Our freedom to hunt, to play, to be able to enjoy these wonders are ours only because of our Democratic Government or Republic, whether you judge it by the pony you ride, the old jeep you go fishing in, the speed boat you own, the limousine in the garage, the freedom to worship at the church of your choice, the school you attend, the food on your table or the freedom to speak in public without fear. You are fortunate by the fact that you are living under a system of government based on the dignity and freedom of the individual, that derives its powers from the bottom up rather than the top down. The four freedoms* were brought to the public by the late Franklin D. Roosevelt. These freedoms we enjoy in the U.S.A., and especially along the Outer Banks, where thus far the land has never been posted to any great extent. The hunter can stroll with his dog “heeling” or watching the “retrieve” as the hunter kills a dove or other wildlife in season.
Beauty is Everywhere
The beauty rare can be seen along the hills, through the lonesome woods, and in the wide open marshes where the green salt grasses are interspersed with another salt grass or wood, blood-colored. A marsh hen or rail cackles and jumps, flies away, apparently laughing at the lover of nature, too far away for the kill. So, too, the slow moving heron or bittern hides, camouflaged by reeds or cattails.

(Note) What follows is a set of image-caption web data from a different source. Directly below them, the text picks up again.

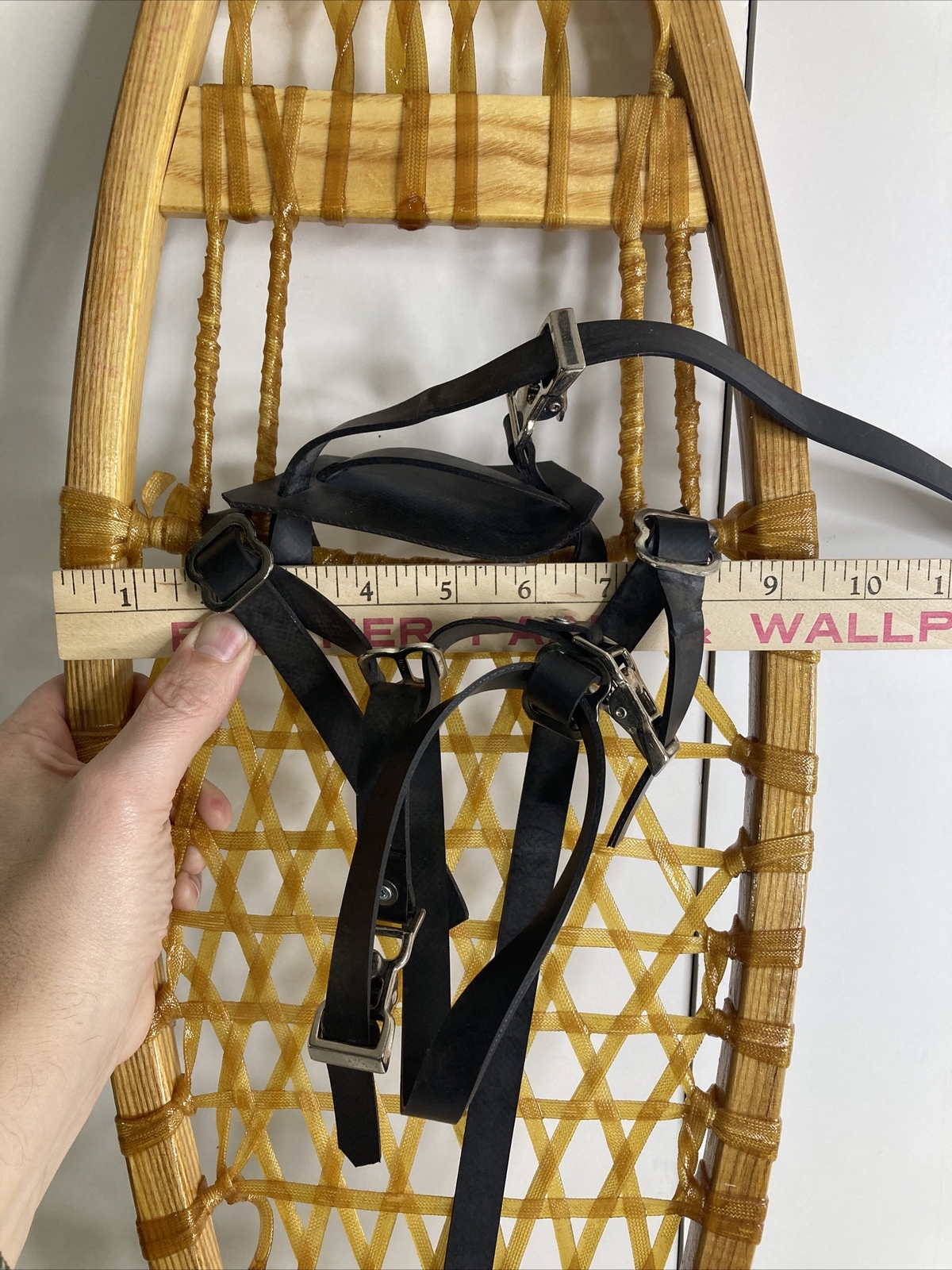 Ojibwa Finished Snowshoes with Neoprene Bindings 9.5 x 48 eBay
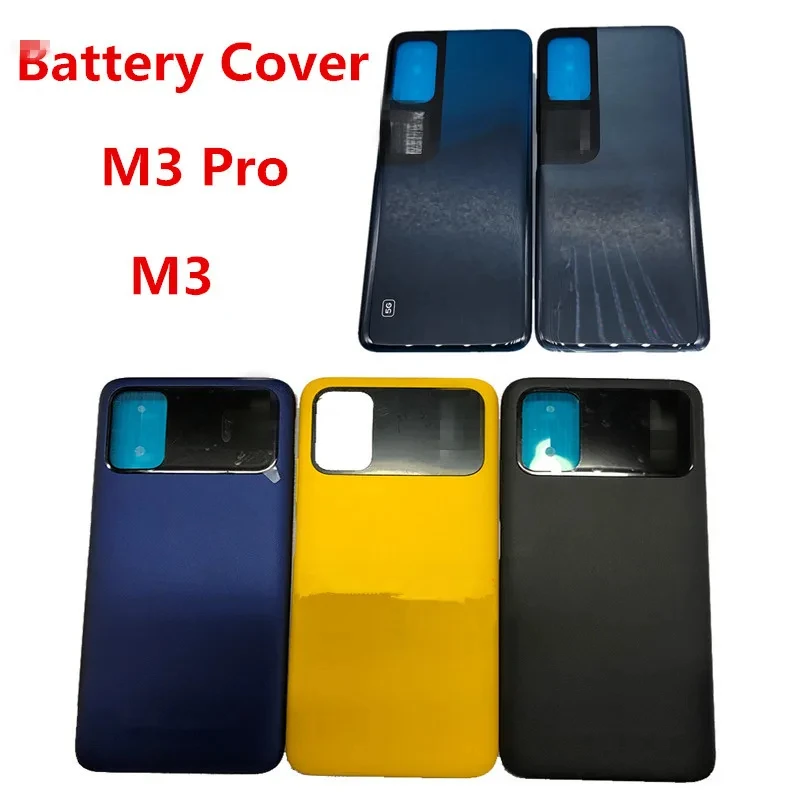 

Корпус для Xiaomi POCO M3 Pro 5G, пластиковая крышка аккумулятора, ремонт, замена, задняя крышка телефона, задняя крышка, логотип, клей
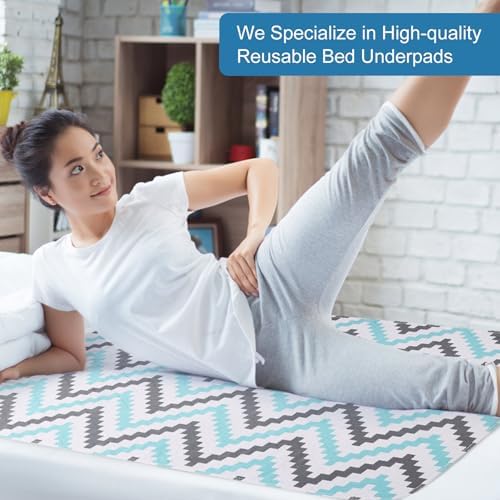 OUTCREATOR Washable Bed Pads 34x56 Pack of 2 1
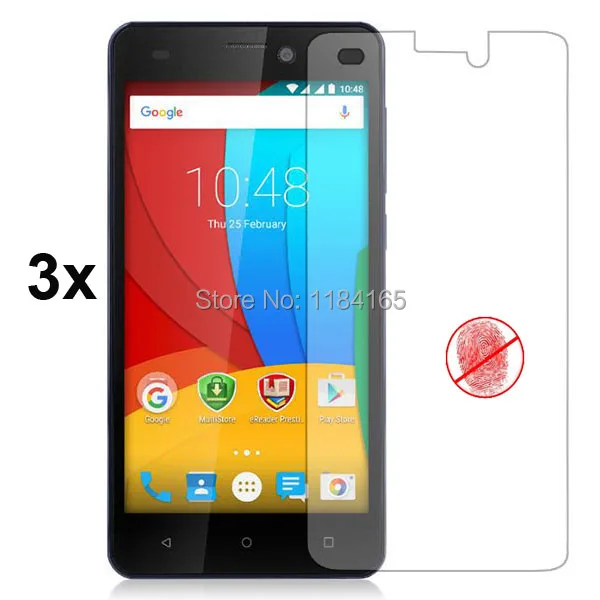 PET 3pcs/Lot Front Transparent LCD Screen Guard Protectors for Prestigio Muze A5 PSP5502DUO Film Quality | Мобильные телефоны и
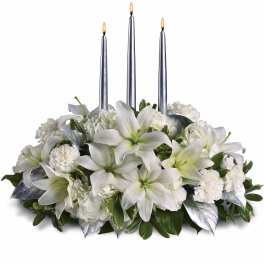 Silver Elegance Centerpiece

That wonderful classic, In Praise of Blue Grass**, can well describe the flat openings at the head of creeks where cattle feed, and horses wild accompany them. Along these openings, or flat prairie lands, nesting between the woods and hills, a creek wanders through the marshes to the sound. The salt sage is turning purple and shows brilliantly in northern winds. The grass is still green in the pocosins and adds to nature’s beauty, and so I’ll add to this writing words from In Praise of Blue Grass:
“Grass is the forgiveness of Nature — her constant benediction. Fields trampled with battle, saturated with blood, torn with the ruts of cannon, grow green again with grass, and carnage is forgotten. Streets abandoned by traffic become grass grown, like rural lanes, and are obliterated. Forests decay, harvests perish, flowers vanish, but grass is immortal. Beleaguered by the sullen hosts of winter, it withdraws into the impregnable fortress of its subterranean vitality and emerges upon the first solicitation of spring.
“Sown by the winds, by wandering birds, propagated by the subtle horticulture of the elements which are its ministers and servants, it softens the rude outline of the world. It bears no blazonry of bloom to charm the senses with fragrance or splendor, but its homely hue is more enchanting than the lily or the rose. It yields no fruit in earth or air, yet, and should its harvest fail for a single year, famine would depopulate the world.”
Keep ours a Land of Freedom
Perhaps this is what will happen or be the result if another war comes and the atomic and hydrogen bombs are released on the world. Not only the people but nature’s wonders of beautiful woodland, sages, marshes, meadows, fields of grain and the grasses will be ultimately destroyed. We must be serious about these thoughts for we could easily lose it all. However we also must be able to get along, and forget long enough to enjoy November’s beauty and to remember what the years, the months the weeks and days hold for us, for summer is past, therefore soon we’ll be to the Christmas songs and will bundle up considerable when out of doors we go.
We would do well if we could keep this good land, America, a land of riches, opportunity and freedom.
The first part of the good land – the good America – was over 200 years ago to be used as a site to establish a new colony. It is still practically without change because the people here or living here were more or less like the Hispano-Californians. They have been reluctant to change. Lots of people do not want change, for it is so primitive that it is a real pleasure for those that realize what freedom really is, yet perhaps selfish in a sort of way, not realizing the non-productive end.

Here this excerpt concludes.